President of the Province of Matera
- Incumbent
- Assumed office 30 September 2024
- Preceded by: Piero Marrese

Mayor of Pomarico
- Incumbent
- Assumed office 26 May 2014
- Preceded by: Giuseppe Casolaro

Personal details
- Born: 1 July 1972 (age 54) Pomarico, Basilicata, Italy
- Party: Democratic Party

= Francesco Mancini (politician) =

Italian politician (born 1972)

Francesco Mancini (born 1 July 1972) is an Italian politician of the Democratic Party serving as president of the Province of Matera since 2024. He also served as mayor of Pomarico since 2014.

==Career==
Mancini was first elected mayor of Pomarico in the 2014 local elections, obtaining 1,017 votes (39.04%) as the candidate of a centre-left civic list. He was subsequently re-elected in 2019 and in 2024.

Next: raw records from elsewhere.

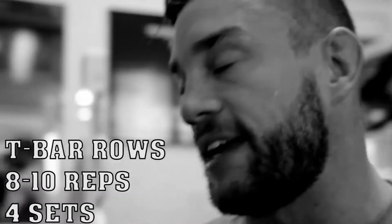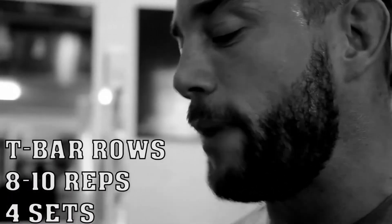Third exercise now. We're on to T-bar rows. 4 sets of 8 to 10 on here. I've been guilty in the past of going too heavy on T-bars — doing 5 or 6 plates. So I've changed my technique now, going a little bit lighter. Each rep I'm trying to squeeze every muscle on my back, contract everything and slowly control the weight.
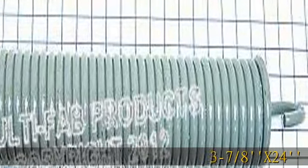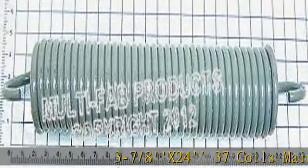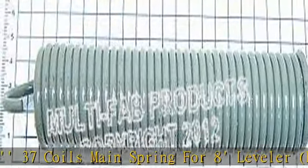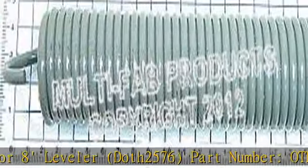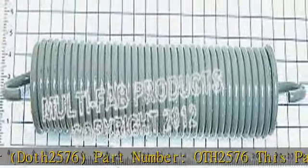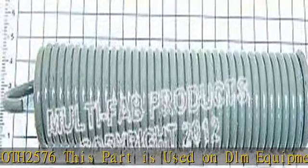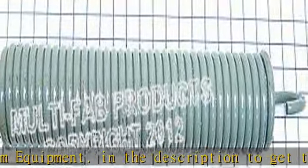3-7-8x2437 coils main spring for 8 leveler, part number 2576. This part is used on DLM equipment. See the description to get this product today at the best price.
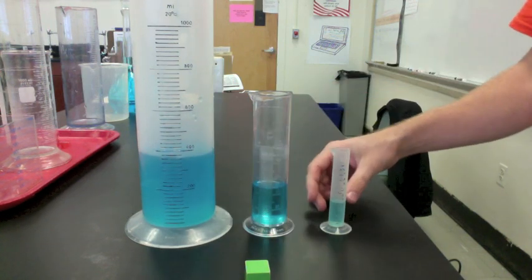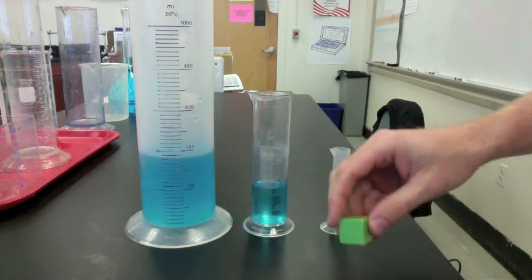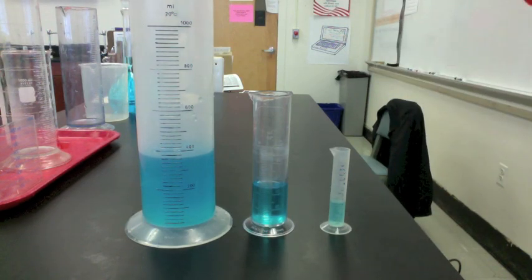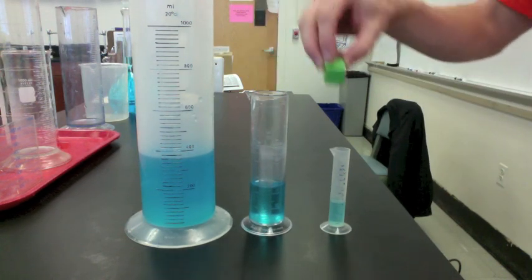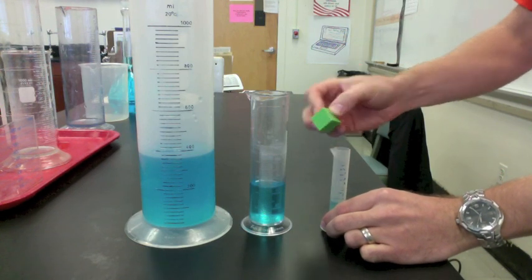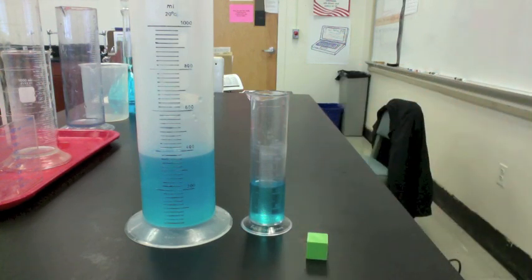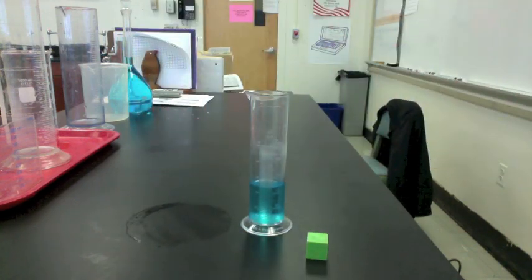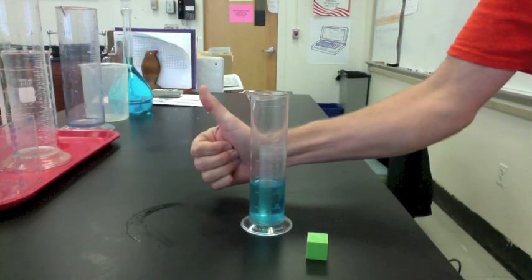First, we want to know which graduated cylinder to use. The basic rule is you want to use the smallest graduated cylinder you can without the object getting stuck — that will give you the most accurate reading. The smallest one will not work. The big one will give a reading, but not very accurate. This graduated cylinder is the one we want.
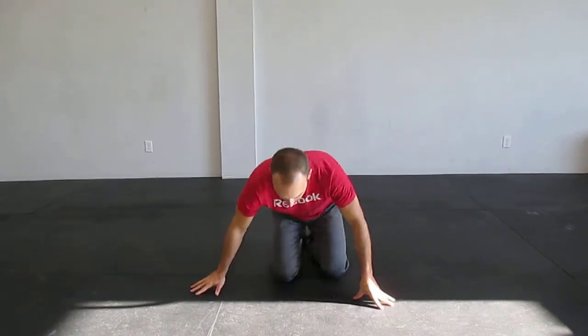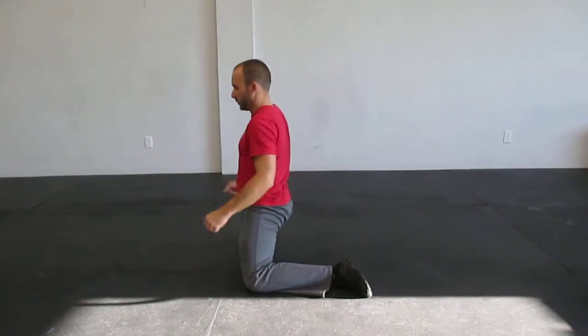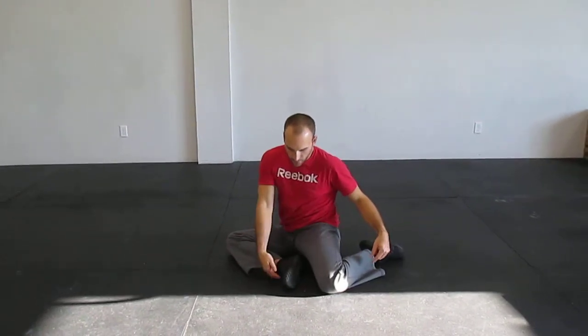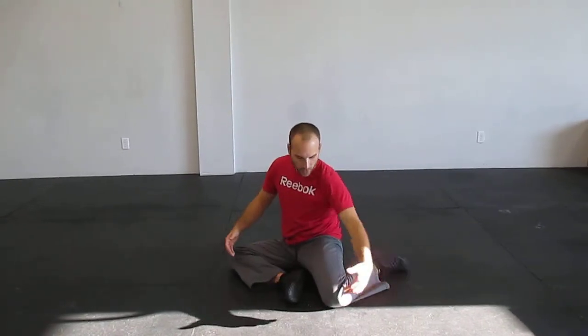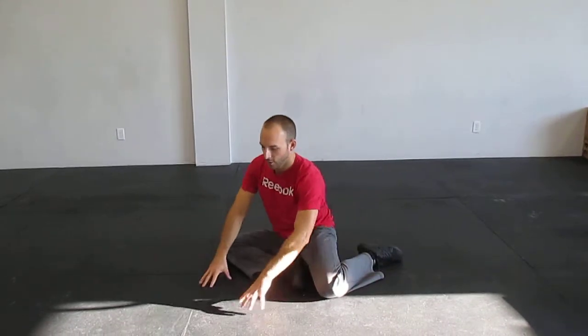It's called a shin box, and it looks like this from the side. What we're looking for is you're going to make two L's with your legs — your front leg and your back leg. You want to make sure that the side of your foot is flat on the floor and the side of your knee is flat on the floor. Then you're going to squeeze your glutes and come up, and then come down. Try not to use your hands to help push yourself up — this is all glutes and it's all hips.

In the 2024 Basilicata regional election, Mancini was a candidate for the Regional Council of Basilicata in the Democratic Party list. He received 3,682 preference votes but was not elected.

In September 2024, Mancini was elected president of the Province of Matera, supported by the centre-left coalition. He obtained 53,337 weighted votes, compared with 38,293 for Giuseppe Arturo De Filippo, mayor of Calciano and candidate supported by the centre-right.